When I said his name, his smile grew, astonished I remembered. I went to hug him.

"I've been looking for you for years," he said. 

He told me he doesn't get into trouble anymore- he's matured. I think back to when he punched a first grade teacher in the eye as a new kindergarten student. That year, he was in trouble all the time. 

It was the year in teaching that made me doubt myself and my ability to effectively manage a classroom. The room was full of little people with big needs. A child who would run out of the classroom in a manic state; another child who could not get along with peers and would spit and fight over every crayon or spot in line; a class full of kids who did not respond when you called their names- I had to explicitly teach them to look up at me when I said their names. A year where your challenges were so many that you felt like a hamster on a wheel- getting nowhere, yet working so very hard.

But he'd been looking for me for years. I have thought of him through the years as well. Some names and faces fade from my memory, as I've been teaching now for 15 years, yet others remain unforgettable. This boy, I remember. 

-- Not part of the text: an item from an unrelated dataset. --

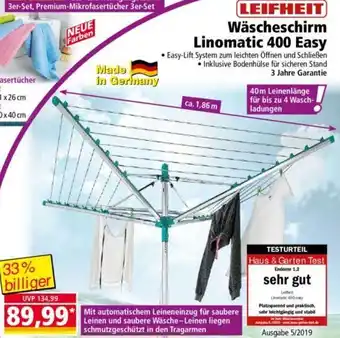 Norma LEIFHEIT Wäscheschirm Linomatic 400 Easy Angebot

I showed him pictures of my children. He sheepishly said he could not pronounce my new name and was it okay to call me Miss Neagle? Of course it was, I said, with a smile.

He has a little sister now, he told me, and she will be in this school. I said how nice it would be to see him when he visits her and I hope he comes by to say hello. He starts his sophomore year in high school in a couple of days. 


All of this happened a couple of days after I had my own reunion with a teacher. On a playdate with my son Alex, the great uncle of the little boy we were visiting appeared. My memory fired up- that voice, the familiar figure- it had to be....I asked, "Were you a teacher?" He had been my biology teacher in my freshman year of high school. Over 23 years ago...yet I remembered him almost instantly. 


And so, as I am about to start my 15th year in education, I think of these stories as proof that teachers live on in the memory of their students, long after your last day together. We remember our teachers, our students remember us. What a responsibility to be the adult that shapes a class full of learners for one year of their schooling...to know that you will forever be the answer when someone asks, "Who was your third grade teacher?" 

They will remember. I carry this in my heart, knowing what I do today must be full of joy, passion, and purpose. Each day, each student...it all counts. 

Wishing everyone the best school year!